Activity:
Copy the listing below exactly, but skip the pictures.
═════ Exercise data ═════
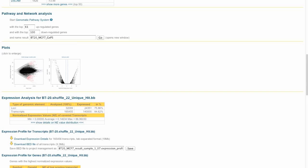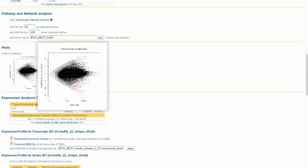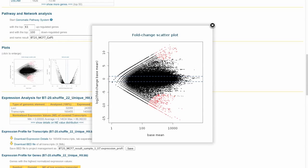The last thing I wanted to show you is what type of downstream analysis can be done with RNA sequencing data. For example, differential expression analysis can be done with DESeq, and here you can see a plot of the genes, their fold change, and their base mean.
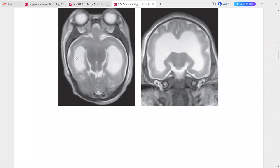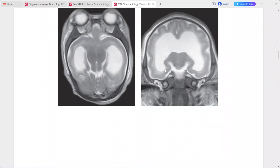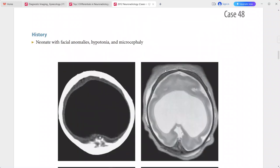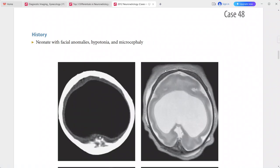There is fusion of the frontal lobes anteriorly and fusion of the thalami in the midline. This is a typical case of alobar holoprosencephaly. Differentials include severe hydrocephalus with ruptured septum pellucidum, hydranencephaly, large bilateral open-lip schizencephaly, and agenesis of the corpus callosum with large interhemispheric cyst.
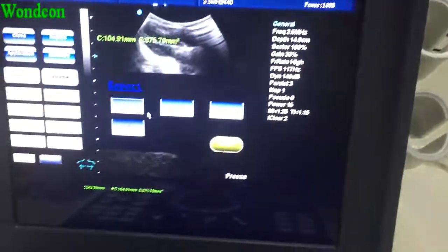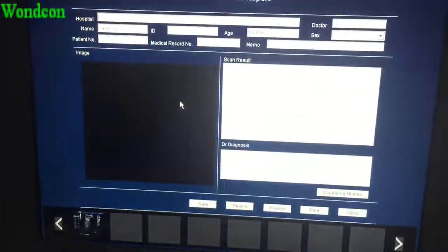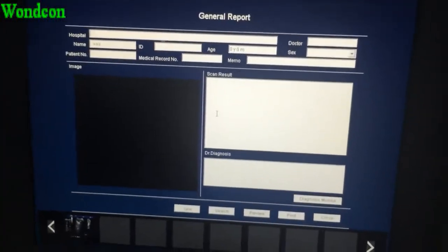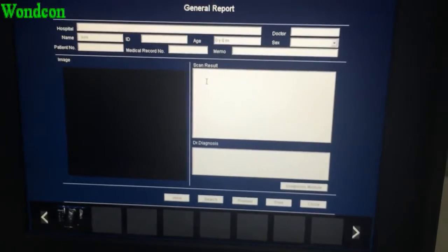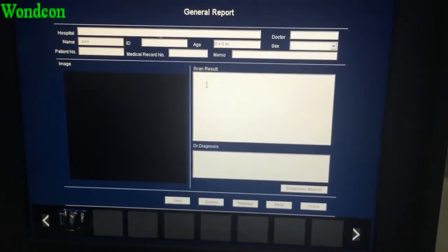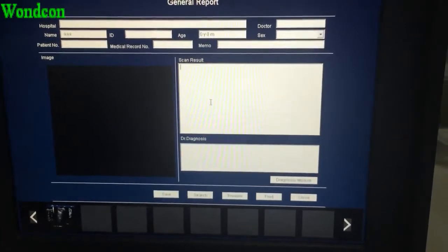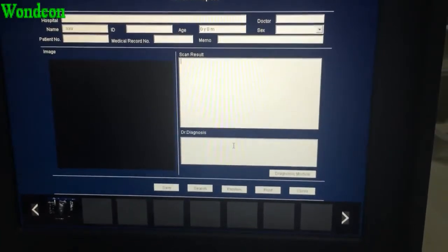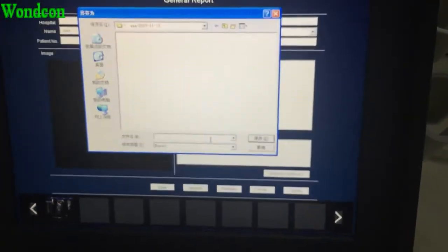Then press the report. Press a comment, then the doctors can write the information of patients here. After that, you can save the report.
═════
Response to this task:
The last thing I wanted to show you is what type of downstream analysis can be done with RNA sequencing data. For example, differential expression analysis can be done with DESeq, and here you can see a plot of the genes, their fold change, and their base mean.
There is fusion of the frontal lobes anteriorly and fusion of the thalami in the midline. This is a typical case of alobar holoprosencephaly. Differentials include severe hydrocephalus with ruptured septum pellucidum, hydranencephaly, large bilateral open-lip schizencephaly, and agenesis of the corpus callosum with large interhemispheric cyst.
Then press the report. Press a comment, then the doctors can write the information of patients here. After that, you can save the report.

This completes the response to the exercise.